During a recent online discussion, a number of folks were stumped on financial decisions. Here are some of their dollar dilemmas — and my advice.
I work full time and have applied for an additional, part-time job. I have kept things paid for two years but can’t do it anymore, and creditors are beginning to call. Mortgage and student loan are paid on time. I need guidance on how and what to do.
Breathe. And I’m not being flippant.
Sometimes when the bills get overwhelming, people shut down. Or they get desperate and end up making bad financial decisions that compound their troubles such as paying shady companies that promise debt relief.
I recommend that you get an appointment as soon as possible with a nonprofit consumer credit counseling agency. To find such a group, visit the National Foundation for Credit Counseling’s website, www.nfcc.org. You’ll get some excellent help with managing your consumer debts and with building a budget. This will buy you some breathing room.
My husband is disabled; I am our breadwinner. We’re both in our early 60s with some, but not much, retirement money. We have two very mature and very dead trees within 10 to 15 feet of our home. I want to take one IRA that’s in a five-year CD (it’s not matured) and cash it out, and have the trees removed. I believe losing about $3,000 from our retirement portfolio is a minor inconvenience compared to the possible losses the trees could cause. Hubby says we need all our retirement money to stay put. But our income just isn’t sufficient to save up enough to get those trees down soon. They are very dead and already dropping large limbs. What’s your thinking?

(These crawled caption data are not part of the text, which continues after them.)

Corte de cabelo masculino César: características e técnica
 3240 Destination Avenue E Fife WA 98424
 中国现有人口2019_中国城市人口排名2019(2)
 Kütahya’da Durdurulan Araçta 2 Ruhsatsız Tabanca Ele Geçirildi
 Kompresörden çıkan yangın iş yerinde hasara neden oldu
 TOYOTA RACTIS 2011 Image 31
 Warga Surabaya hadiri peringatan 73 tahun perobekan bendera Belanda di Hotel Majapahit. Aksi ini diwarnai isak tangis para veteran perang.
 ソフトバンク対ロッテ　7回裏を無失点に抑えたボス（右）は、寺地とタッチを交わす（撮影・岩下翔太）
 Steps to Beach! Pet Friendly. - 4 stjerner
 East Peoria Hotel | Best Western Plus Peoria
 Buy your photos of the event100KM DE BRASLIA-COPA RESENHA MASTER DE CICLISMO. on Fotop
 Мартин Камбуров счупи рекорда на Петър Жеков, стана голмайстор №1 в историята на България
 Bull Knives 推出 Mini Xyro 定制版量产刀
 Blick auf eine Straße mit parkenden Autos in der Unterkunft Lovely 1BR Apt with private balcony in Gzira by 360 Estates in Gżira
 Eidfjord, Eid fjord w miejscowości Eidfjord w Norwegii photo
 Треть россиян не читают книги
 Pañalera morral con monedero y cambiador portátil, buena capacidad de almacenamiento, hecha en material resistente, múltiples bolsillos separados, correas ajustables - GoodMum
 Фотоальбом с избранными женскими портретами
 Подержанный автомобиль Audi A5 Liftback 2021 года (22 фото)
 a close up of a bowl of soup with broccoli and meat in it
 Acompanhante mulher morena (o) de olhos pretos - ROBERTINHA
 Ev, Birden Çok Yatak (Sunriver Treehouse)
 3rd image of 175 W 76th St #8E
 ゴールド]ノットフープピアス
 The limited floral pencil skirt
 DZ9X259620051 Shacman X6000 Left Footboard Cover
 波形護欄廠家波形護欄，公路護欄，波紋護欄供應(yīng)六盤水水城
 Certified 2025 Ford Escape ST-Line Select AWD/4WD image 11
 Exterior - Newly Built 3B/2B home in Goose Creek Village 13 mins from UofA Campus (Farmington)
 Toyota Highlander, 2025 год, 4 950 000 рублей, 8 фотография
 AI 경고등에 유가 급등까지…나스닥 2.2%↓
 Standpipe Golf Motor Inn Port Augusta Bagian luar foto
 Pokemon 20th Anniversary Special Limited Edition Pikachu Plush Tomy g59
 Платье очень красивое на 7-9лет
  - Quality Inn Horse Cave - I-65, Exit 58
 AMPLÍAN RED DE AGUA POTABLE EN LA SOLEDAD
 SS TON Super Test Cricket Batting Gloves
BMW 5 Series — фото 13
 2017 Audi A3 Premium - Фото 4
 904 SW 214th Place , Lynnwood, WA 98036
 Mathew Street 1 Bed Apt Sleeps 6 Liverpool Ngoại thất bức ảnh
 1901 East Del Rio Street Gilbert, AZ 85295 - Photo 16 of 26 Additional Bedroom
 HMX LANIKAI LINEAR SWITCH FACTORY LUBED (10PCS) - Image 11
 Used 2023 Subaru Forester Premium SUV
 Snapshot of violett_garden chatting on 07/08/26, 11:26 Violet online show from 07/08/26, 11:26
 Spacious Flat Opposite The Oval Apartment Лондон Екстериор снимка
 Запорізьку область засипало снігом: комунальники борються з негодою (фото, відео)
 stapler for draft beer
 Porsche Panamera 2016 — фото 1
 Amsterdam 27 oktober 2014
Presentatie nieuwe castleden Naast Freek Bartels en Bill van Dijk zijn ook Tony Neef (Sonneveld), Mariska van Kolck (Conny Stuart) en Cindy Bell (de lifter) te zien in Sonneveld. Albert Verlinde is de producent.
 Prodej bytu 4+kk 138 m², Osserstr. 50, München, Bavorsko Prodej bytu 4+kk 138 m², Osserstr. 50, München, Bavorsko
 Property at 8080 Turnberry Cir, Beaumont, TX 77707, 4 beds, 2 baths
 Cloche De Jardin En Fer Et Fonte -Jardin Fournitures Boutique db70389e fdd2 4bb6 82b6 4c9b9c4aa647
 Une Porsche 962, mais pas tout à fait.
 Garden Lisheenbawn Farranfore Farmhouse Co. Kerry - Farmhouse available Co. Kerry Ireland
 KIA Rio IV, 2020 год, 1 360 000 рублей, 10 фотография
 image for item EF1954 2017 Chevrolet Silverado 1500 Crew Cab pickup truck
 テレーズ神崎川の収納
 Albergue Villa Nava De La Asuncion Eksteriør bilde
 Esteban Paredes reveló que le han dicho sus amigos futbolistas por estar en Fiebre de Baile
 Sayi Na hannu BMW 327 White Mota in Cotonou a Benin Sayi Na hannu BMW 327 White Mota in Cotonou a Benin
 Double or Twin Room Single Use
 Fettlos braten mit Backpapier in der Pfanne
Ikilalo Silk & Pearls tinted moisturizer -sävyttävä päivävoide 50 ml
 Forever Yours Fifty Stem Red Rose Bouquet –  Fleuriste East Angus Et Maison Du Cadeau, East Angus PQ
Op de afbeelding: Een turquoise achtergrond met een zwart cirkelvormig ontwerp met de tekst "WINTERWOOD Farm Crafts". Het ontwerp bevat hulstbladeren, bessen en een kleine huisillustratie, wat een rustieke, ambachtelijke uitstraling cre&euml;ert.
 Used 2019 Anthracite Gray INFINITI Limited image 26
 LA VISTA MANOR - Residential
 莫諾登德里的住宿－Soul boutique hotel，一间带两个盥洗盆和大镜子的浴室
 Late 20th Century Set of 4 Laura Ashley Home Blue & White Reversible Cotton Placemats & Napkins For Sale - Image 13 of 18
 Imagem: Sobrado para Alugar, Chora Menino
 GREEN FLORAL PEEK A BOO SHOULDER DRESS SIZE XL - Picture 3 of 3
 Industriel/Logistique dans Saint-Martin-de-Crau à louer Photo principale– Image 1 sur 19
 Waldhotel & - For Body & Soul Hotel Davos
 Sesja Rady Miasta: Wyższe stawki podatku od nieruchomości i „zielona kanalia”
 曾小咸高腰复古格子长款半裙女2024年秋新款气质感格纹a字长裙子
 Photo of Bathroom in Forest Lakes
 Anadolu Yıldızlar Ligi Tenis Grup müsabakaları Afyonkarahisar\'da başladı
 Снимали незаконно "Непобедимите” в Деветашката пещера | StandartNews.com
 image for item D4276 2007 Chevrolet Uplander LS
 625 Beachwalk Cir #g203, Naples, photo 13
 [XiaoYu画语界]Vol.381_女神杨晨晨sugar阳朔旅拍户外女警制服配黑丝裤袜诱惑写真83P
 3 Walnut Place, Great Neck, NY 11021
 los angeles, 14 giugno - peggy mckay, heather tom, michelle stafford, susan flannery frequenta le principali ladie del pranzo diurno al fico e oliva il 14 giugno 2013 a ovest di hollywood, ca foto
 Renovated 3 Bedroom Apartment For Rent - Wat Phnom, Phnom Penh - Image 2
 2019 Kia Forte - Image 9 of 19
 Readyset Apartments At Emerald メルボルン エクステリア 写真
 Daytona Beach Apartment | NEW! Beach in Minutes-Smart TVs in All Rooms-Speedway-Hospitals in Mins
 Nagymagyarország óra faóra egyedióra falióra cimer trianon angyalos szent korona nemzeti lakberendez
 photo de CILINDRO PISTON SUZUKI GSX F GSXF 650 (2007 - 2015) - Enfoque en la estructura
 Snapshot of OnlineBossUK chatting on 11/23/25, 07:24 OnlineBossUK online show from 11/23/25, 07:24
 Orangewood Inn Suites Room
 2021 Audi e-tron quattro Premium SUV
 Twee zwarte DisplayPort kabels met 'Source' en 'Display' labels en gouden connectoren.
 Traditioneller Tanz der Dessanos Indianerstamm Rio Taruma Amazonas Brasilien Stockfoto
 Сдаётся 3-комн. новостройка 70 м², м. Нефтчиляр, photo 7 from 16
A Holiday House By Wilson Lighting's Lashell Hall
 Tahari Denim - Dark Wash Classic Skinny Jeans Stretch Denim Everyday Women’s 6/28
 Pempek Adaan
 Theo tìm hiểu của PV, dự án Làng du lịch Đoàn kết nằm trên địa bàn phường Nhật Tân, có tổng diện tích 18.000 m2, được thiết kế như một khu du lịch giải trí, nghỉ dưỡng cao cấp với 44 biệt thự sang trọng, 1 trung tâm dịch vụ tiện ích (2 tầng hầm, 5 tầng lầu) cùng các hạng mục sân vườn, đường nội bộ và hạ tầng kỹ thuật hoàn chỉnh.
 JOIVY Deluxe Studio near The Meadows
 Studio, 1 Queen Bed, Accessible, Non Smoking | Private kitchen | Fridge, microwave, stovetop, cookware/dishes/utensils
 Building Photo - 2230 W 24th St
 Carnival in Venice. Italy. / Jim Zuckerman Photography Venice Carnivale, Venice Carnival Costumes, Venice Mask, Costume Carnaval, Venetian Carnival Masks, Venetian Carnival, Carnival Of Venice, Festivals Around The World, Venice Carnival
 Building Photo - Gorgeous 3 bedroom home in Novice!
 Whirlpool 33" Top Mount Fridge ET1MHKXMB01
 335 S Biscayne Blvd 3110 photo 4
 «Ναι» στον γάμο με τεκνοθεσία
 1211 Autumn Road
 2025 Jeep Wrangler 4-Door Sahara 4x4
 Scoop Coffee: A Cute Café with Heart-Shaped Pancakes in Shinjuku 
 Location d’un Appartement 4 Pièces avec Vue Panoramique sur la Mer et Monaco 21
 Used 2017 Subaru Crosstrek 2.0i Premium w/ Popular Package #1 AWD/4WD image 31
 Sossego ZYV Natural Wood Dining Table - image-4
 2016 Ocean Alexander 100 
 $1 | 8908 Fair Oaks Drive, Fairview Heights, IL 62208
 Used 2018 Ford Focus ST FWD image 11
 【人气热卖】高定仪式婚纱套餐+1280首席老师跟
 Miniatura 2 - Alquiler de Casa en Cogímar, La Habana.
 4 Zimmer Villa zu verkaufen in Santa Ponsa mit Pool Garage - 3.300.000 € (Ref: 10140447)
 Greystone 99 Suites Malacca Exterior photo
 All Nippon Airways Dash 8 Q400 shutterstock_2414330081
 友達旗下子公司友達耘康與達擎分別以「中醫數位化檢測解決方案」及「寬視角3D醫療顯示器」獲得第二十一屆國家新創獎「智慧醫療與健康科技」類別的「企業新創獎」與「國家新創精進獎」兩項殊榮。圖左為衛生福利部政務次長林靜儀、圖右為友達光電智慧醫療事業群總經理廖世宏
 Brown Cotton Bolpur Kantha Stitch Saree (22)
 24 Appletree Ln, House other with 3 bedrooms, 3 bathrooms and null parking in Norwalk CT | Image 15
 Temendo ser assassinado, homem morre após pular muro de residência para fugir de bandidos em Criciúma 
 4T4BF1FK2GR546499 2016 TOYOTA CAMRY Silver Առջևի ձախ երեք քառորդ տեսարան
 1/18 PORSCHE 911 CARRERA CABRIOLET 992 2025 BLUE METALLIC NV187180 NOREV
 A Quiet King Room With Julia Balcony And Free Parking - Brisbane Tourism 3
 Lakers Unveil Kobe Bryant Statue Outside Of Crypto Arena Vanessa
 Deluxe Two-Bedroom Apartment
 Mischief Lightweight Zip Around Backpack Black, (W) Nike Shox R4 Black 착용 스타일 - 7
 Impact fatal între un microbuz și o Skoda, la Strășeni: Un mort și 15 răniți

Don’t think of it as “losing” money. If the trees are a hazard, you are right to be concerned. Sure, you might need the money for something else down the road, but you need it for this important expense now. It’s a reasonable use of your retirement savings.
Next year, I become eligible to put more into my 401(k) and will be able to contribute a total of $24,000 pre-tax. I have maxed out my 401(k) my entire career and I’m wondering if I should also do this catch-up amount. It definitely would impact my cash flow, but is the extra $6,000 per year worth it?
The first thing I would ask you is: Do you know your number?
And by that, I mean: Have you calculated how much money you need to save to live the life you want or expect in retirement? That’s where you start. So go to www.choosetosave.org and look for the link for “Ballpark E$timate,” an interactive tool that helps you calculate how much you need to fund your retirement.
You may find you’re already on track with your current retirement savings.
I recently got married and my husband and I received about $10,000 cash as gifts. What should we do with it? Pay off high-interest debt? Put it in savings? I hesitate to spend it on anything (including paying off debt) at this point. For whatever reason, it makes me feel safer to have it somewhere in case of emergencies, but I want to do the smart thing. Any advice?
You had me at “high-interest debt.” And here’s why.
If you park that money in a savings account, you won’t get enough interest to offset all the interest you’re paying on that debt. Further, if you want to buy a home soon, you should get rid of as much debt as you can — all if it were me.
Take some of the $10,000 and put it in two separate accounts — an emergency fund and a life happens fund. The emergency is for dire times — someone has lost a job. The life happens fund is to cover unplanned household expenses such as a car repair. Divide maybe $5,000 between the two.
Take the remaining money and attack that debt.